North Korea has told the United Nations that its call to refer Pyongyang to the International Criminal Court is invalid after a prominent defector retracted part of his testimony to a U.N. rights inquiry.
North Korea made the argument in a letter dated Wednesday from Ambassador Ja Song Nam to the U.N. General Assembly and Secretary-General Ban Ki-moon.
In the letter, the envoy branded Shin Dong-hyuk a "swindler" and a "parasite" who has been "pretending to be a 'survivor from the political prison camps' which are non-existent in the Democratic People's Republic of Korea."
Shin admitted this week that elements of his best-selling gulag survivor book "Escape from Camp 14" were inaccurate, although he stressed that the crucial details of his suffering and torture still stood.
The well-known defector was one of the prominent witnesses to the U.N. Commission of Inquiry which concluded in its report last year that North Korea was committing human rights violations "without parallel in the contemporary world."
In his letter, the ambassador charged that the commission report "was proved to be a fraudulent document fabricated by false testimonies of liars like Shin Dong-hyuk."
"It is needless to say, all the 'resolutions' on the situation of human rights in the Democratic People's Republic of Korea forcibly adopted by the General Assembly on the basis of such false documents are invalid," wrote the ambassador.
The inquiry's findings provided the basis for a landmark resolution adopted by the assembly last month that called on the Security Council to consider referring North Korean to the ICC for crimes against humanity.
The resolution was followed by the first-ever Security Council meeting on Pyongyang's rights record, which was held despite opposition from China.

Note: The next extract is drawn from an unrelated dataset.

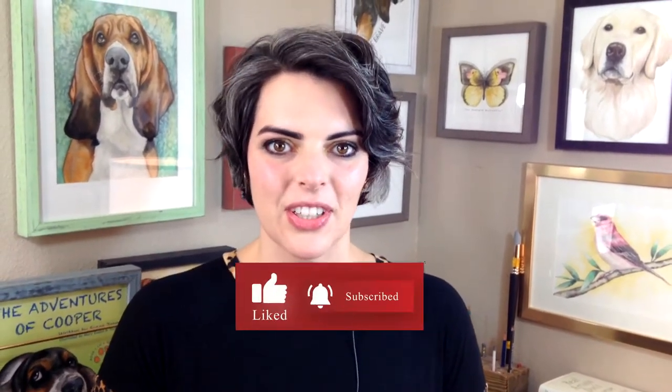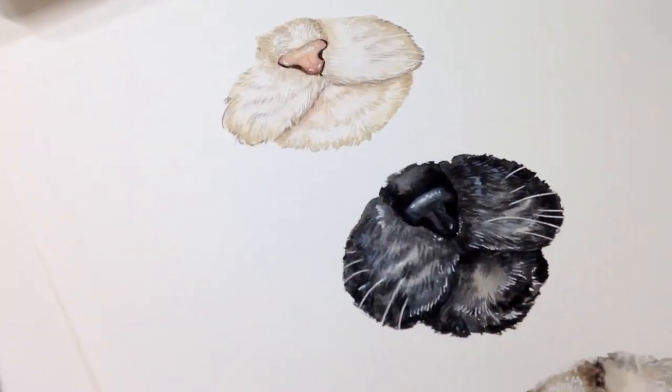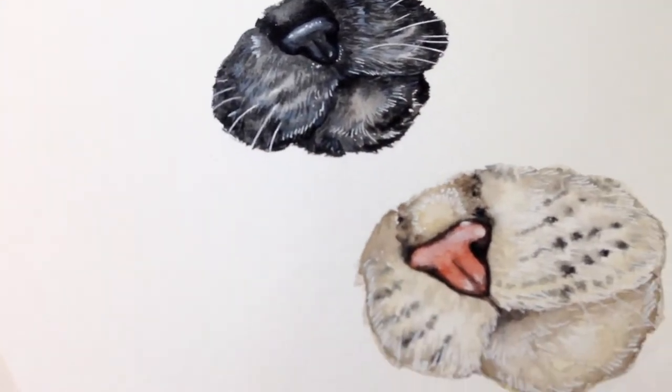Welcome back to another Skillshare class. My name is Mary Evelyn, and in today's class I'm going to show you how to do cat noses. We are going to go over three of them: a Persian, a Siamese, and a tabby cat.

The North Korean ambassador "strongly requested that the United Nations should take an impartial and fair stand" on his country.
Shin apologized on his Facebook page on Sunday, saying he had "forever wanted to conceal and hide part of my past."
The retractions refer to his account of being burned and tortured at age 13 after a failed attempt to escape the camp, which Shin now admits took place when he was 20.
Shin also said that his mother and brother were executed in the notorious Camp 14, but he later said this happened in a different camp.
Michael Kirby, the retired Australian judge who headed the U.N. Commission of Inquiry, said Shin's partial retractions were "substantially immaterial" to the panel's findings or recommendations.